##### Provided data
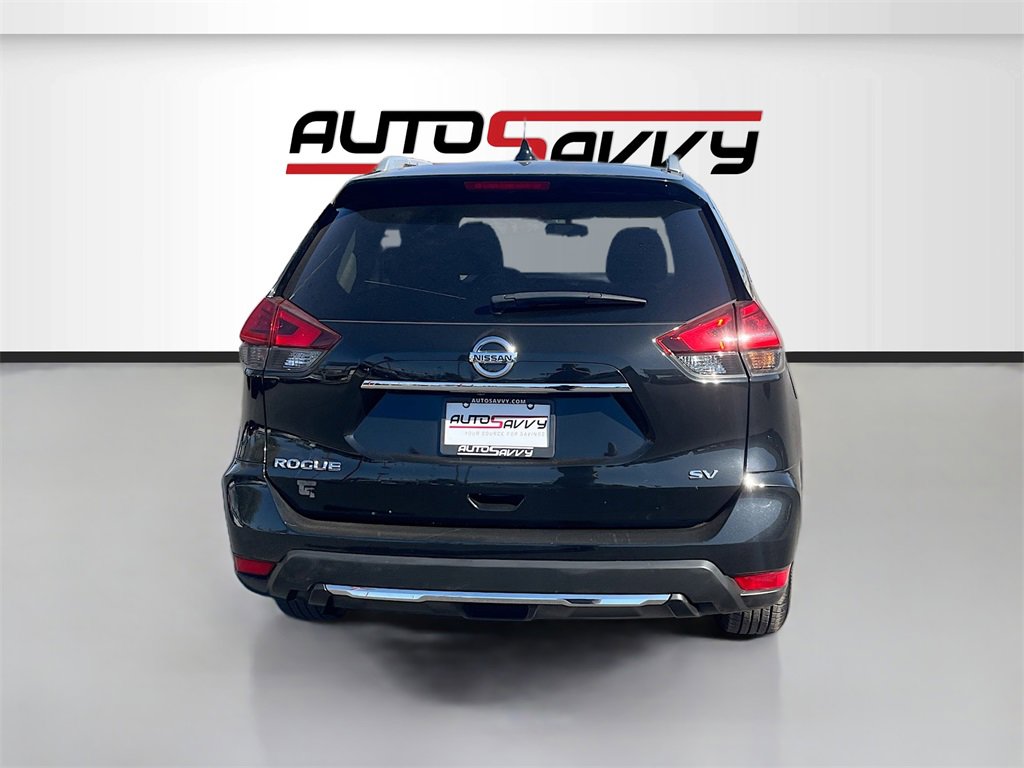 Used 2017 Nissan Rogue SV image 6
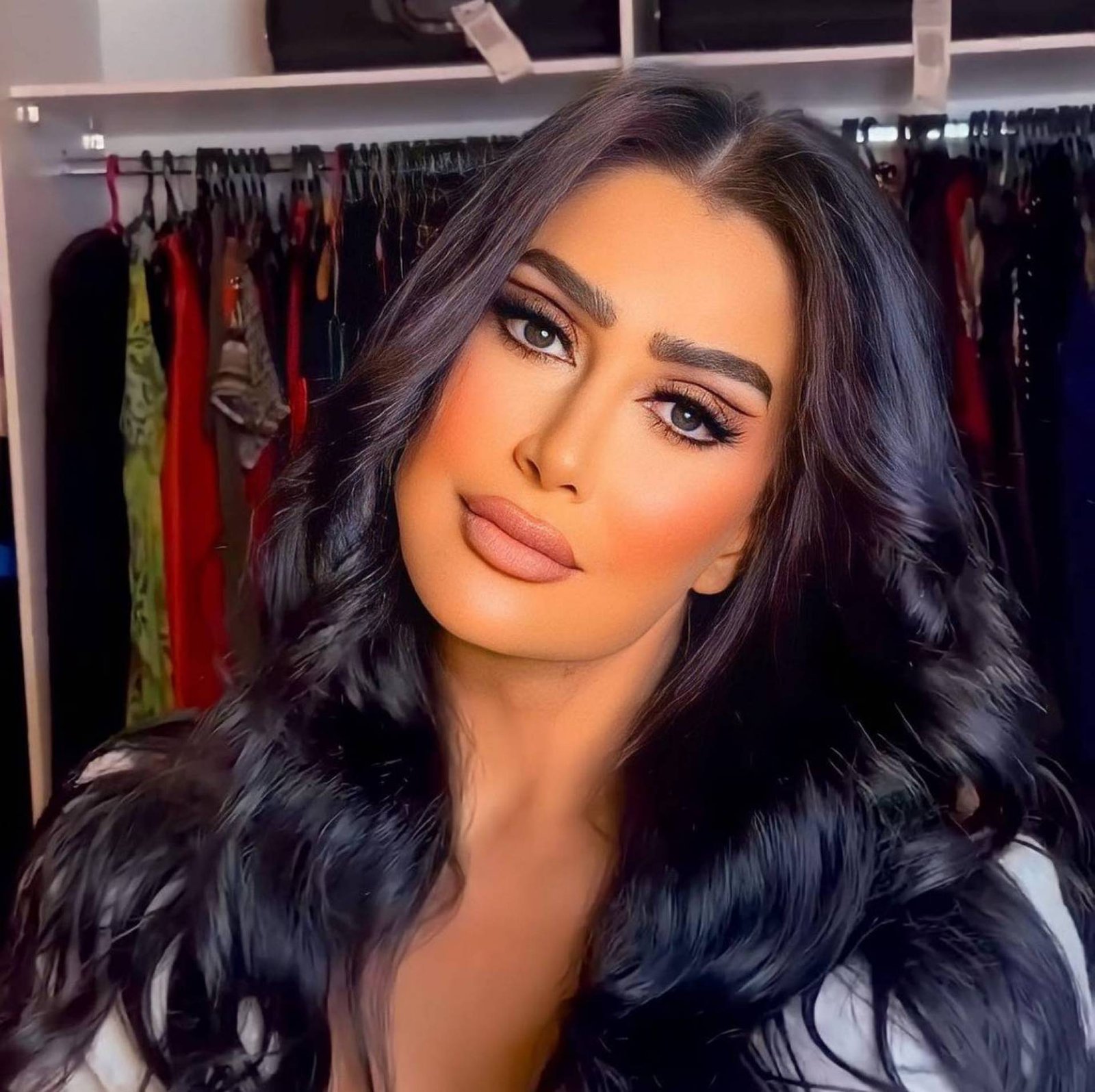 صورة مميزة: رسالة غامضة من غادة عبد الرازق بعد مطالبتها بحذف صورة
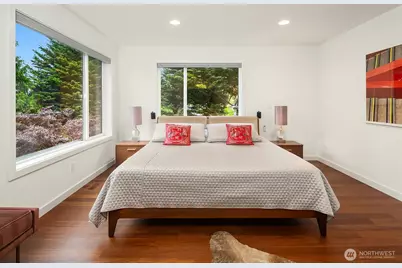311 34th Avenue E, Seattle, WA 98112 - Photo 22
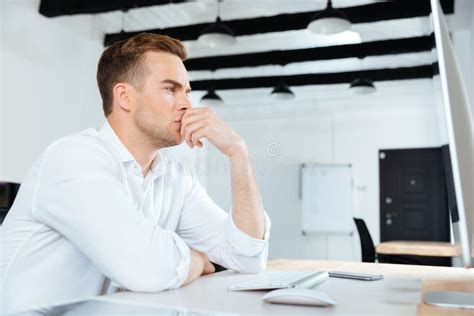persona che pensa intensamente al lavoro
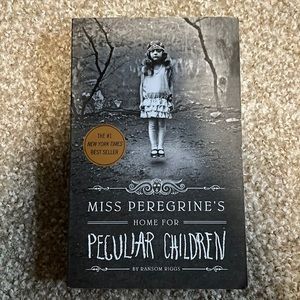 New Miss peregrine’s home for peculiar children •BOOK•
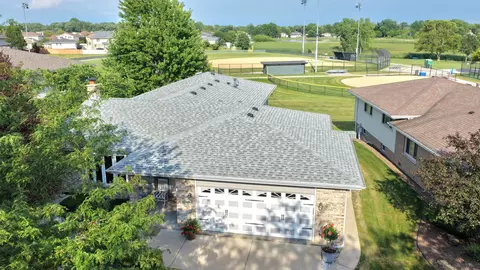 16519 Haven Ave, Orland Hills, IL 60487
##########
__Exercise directions__. All of the entries must be reproduced exactly, apart from the pictures, which are to be dropped.

__Response to this exercise__.
 Used 2017 Nissan Rogue SV image 6
 صورة مميزة: رسالة غامضة من غادة عبد الرازق بعد مطالبتها بحذف صورة
311 34th Avenue E, Seattle, WA 98112 - Photo 22
persona che pensa intensamente al lavoro
 New Miss peregrine’s home for peculiar children •BOOK•
 16519 Haven Ave, Orland Hills, IL 60487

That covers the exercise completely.